I Am Dalit, Hear Me Roar

by | May 12, 2012
filed under Feminism

by Matilda Branson

Correct me if I’m wrong – and I always hope I am – but I doubt many are familiar with the current status of Nepal’s political situation. Basically, it is politically unstable and has had a transitional government at its helm for the past few years. On the 27th May 2012 the new Constitution will come out, hopefully including within it the rights of many of the country’s minority groups.

One such group currently lobbying the government for their rights to be included within the Constitution are Dalit women.

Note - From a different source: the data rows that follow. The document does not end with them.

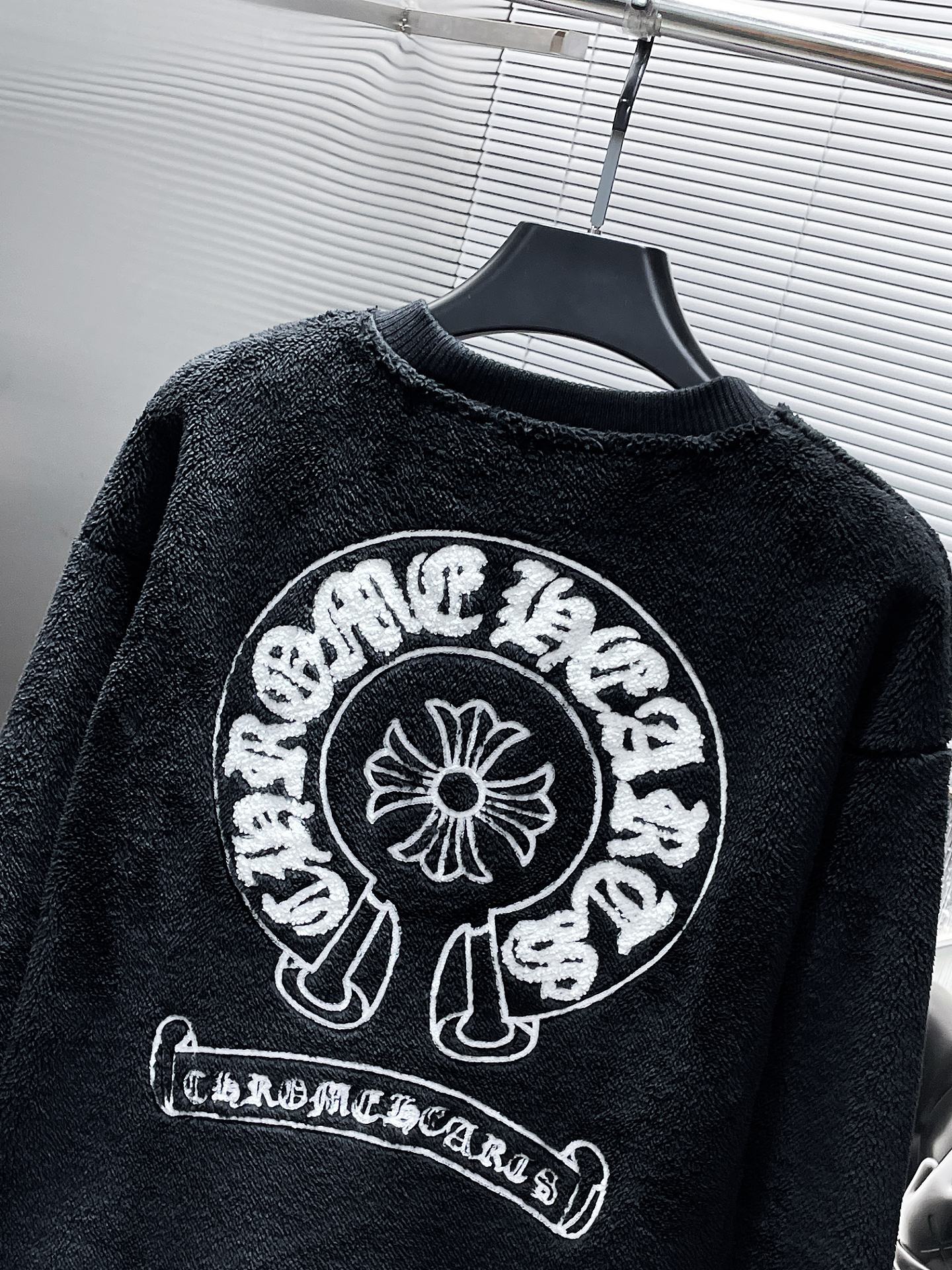 Chrome Hearts Embroided Sweater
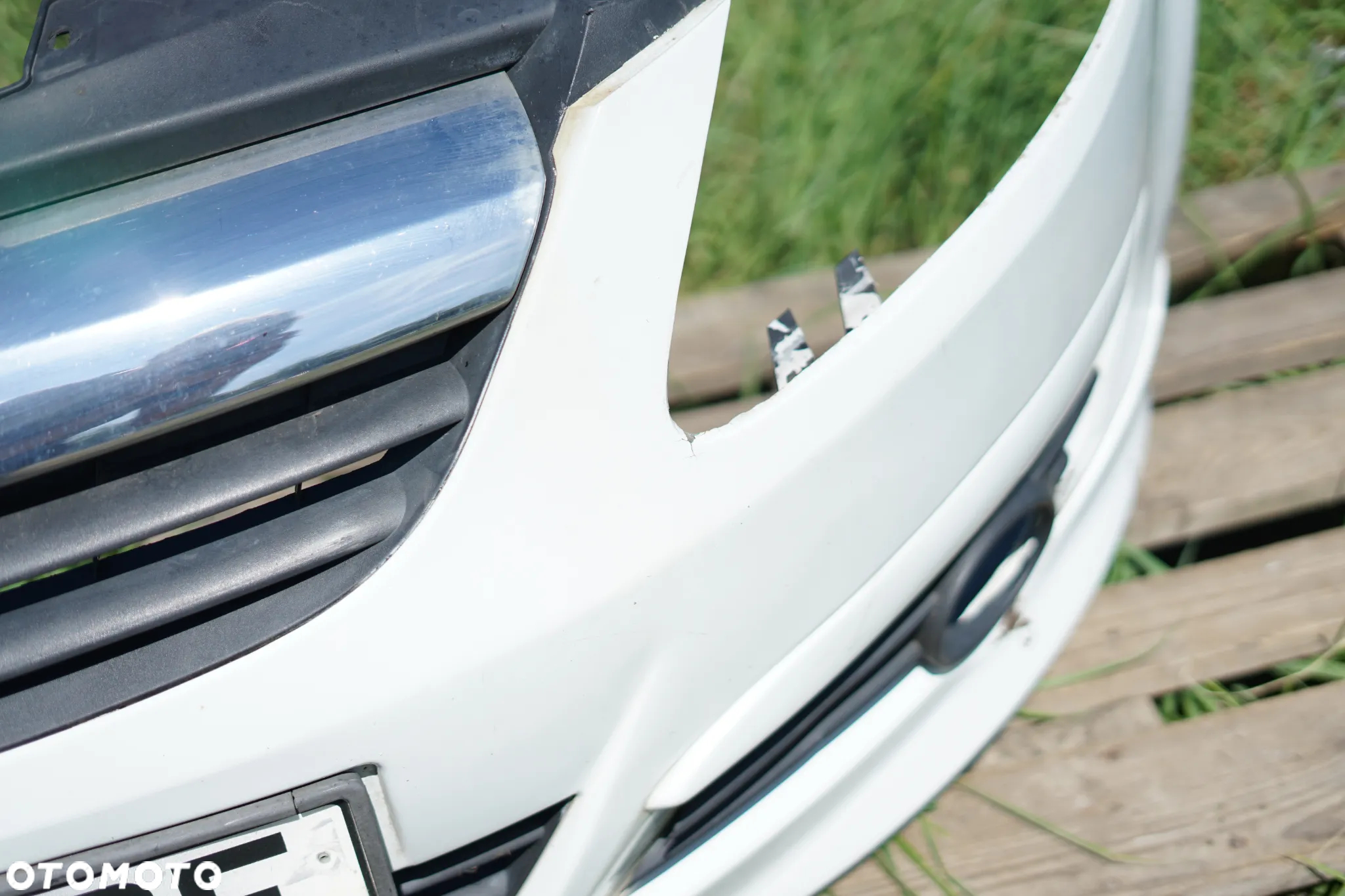 Zderzak przód przedni Opel Corsa D Z474 - 10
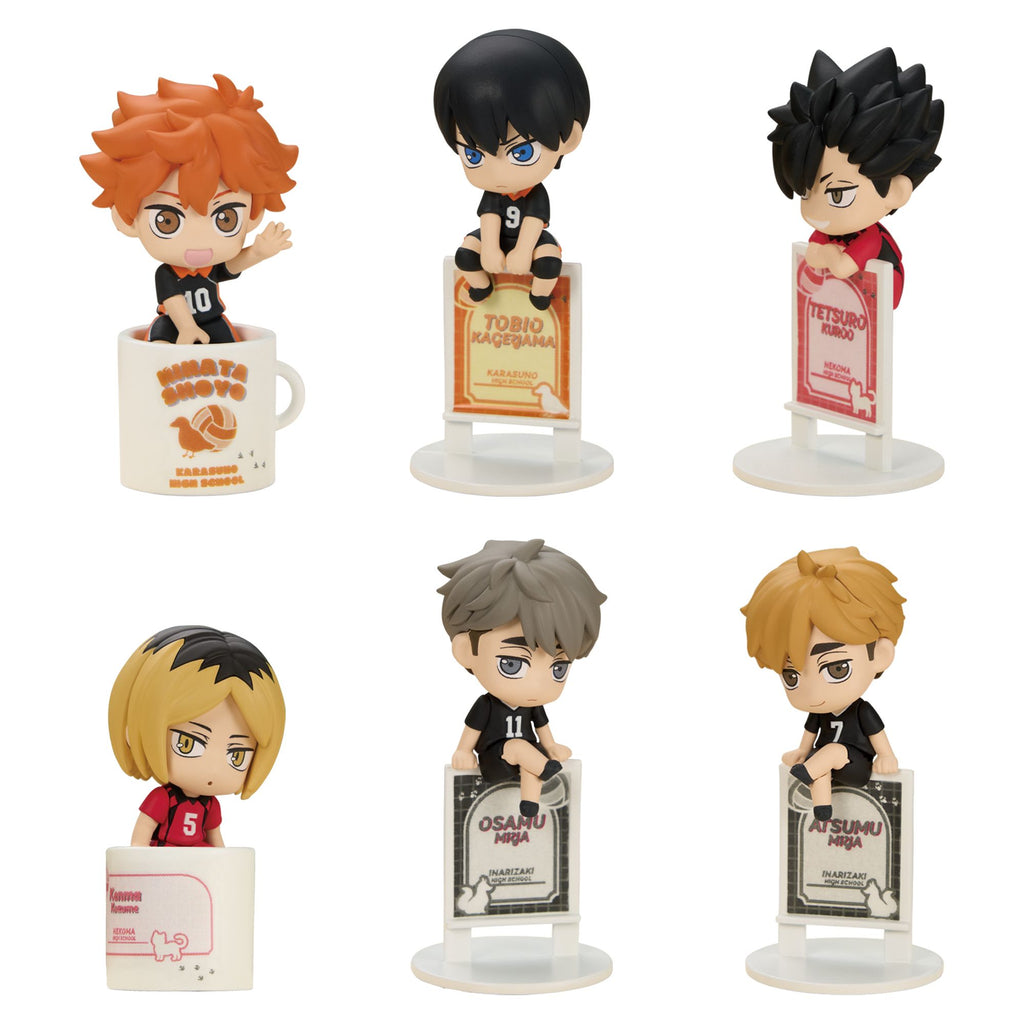 OCHATOMO SERIES Haikyu!! Break Time on the Top (SET of 6pcs)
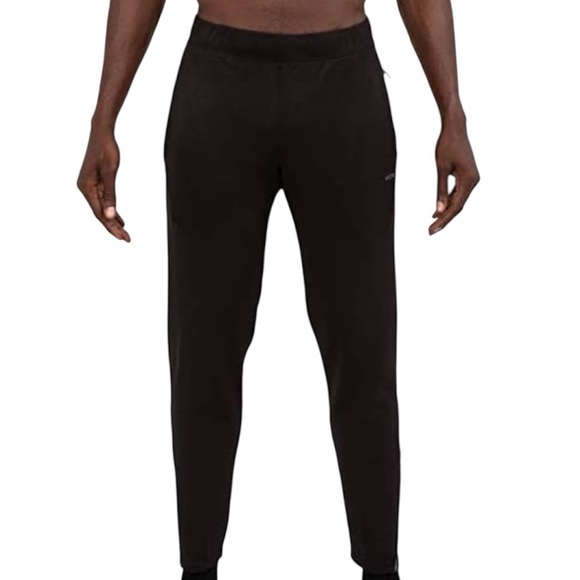 Skora Mens Charcoal Gray Qwick Dry Lightweight Running Jogger Size Medium - Picture 1 of 11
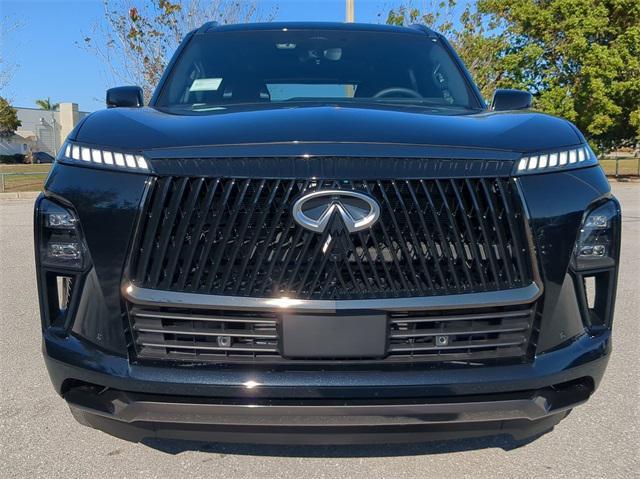 new 2025 INFINITI QX80 car, priced at $112,590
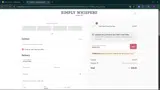 WINBACK30 coupon verification screenshot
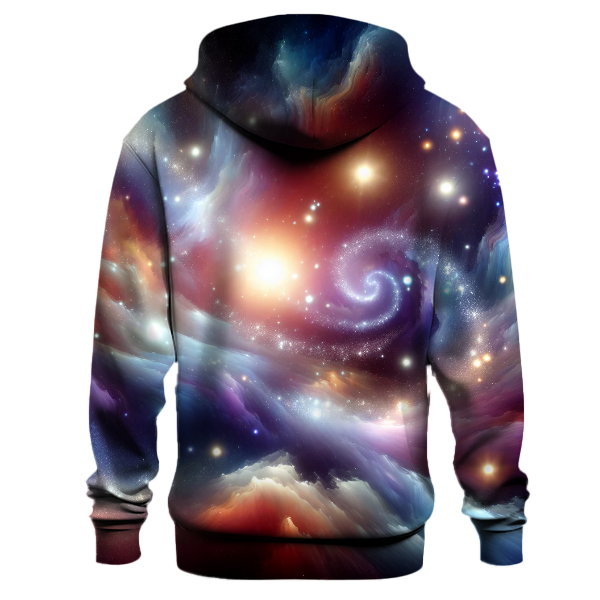 Cosmic Galaxy Exploration Hoodie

Who are Dalits? Think of the caste systems prevalent in South East Asia, established centuries ago, intertwined with Hinduism used as a mode of ensuring social stratification and the maintenance of social hierarchy. Right at the bottom of the caste system sit the Dalits, the ‘untouchables’, viewed as ritually impure, polluting and regarded as sub-human. To be a Dalit, and a woman- it’s double discrimination all the way, from not being allowed to share the same water tap at school with your classmates (if you are lucky enough to even get to school), to being killed for marrying outside of your caste.

What is the interest of an Australian feminist in the situation of Nepal’s Dalit women? I currently have the privilege to be working with the Feminist Dalit Organisation (FEDO), a national level NGO dedicated to promoting Dalit women’s rights, eliminating caste and gender-based discrimination and promoting justice and equality in Nepalese society. I don’t really want this to turn into an NGO plug, but these guys really are awesome. As well as advocating at the national level for Dalit women’s rights (with the constant risk of arrest), FEDO runs a range of programs in health and sanitation, education, institutional development, peace-building, economic empowerment and political representation. Since 1994, FEDO has helped put Dalit women and Dalit rights on the map, in a society where Dalits, particularly Dalit women, had never before been considered. They currently have over 2000 women’s groups and 50,000 directly engaged members benefiting from their projects throughout Nepal – no small achievement, given the size of some of the Himalaya they need to get over to deliver the projects.

Right now, Dalit women are definitely doing it for themselves – lobbying the government for Dalit women’s rights, as the date to the release of the new Constitution gets closer, protesting, having sit-down strikes, being arrested, imprisoned, then doing it all again. They have exhausted the softer forms of advocacy, which have largely have gone unheard, and are stepping up the pressure on the government in the only ways it seems they can be heard.

It’s feminist advocacy at its greatest – it warms the heart and puts a tingle down my spine seeing these women fighting for their rights.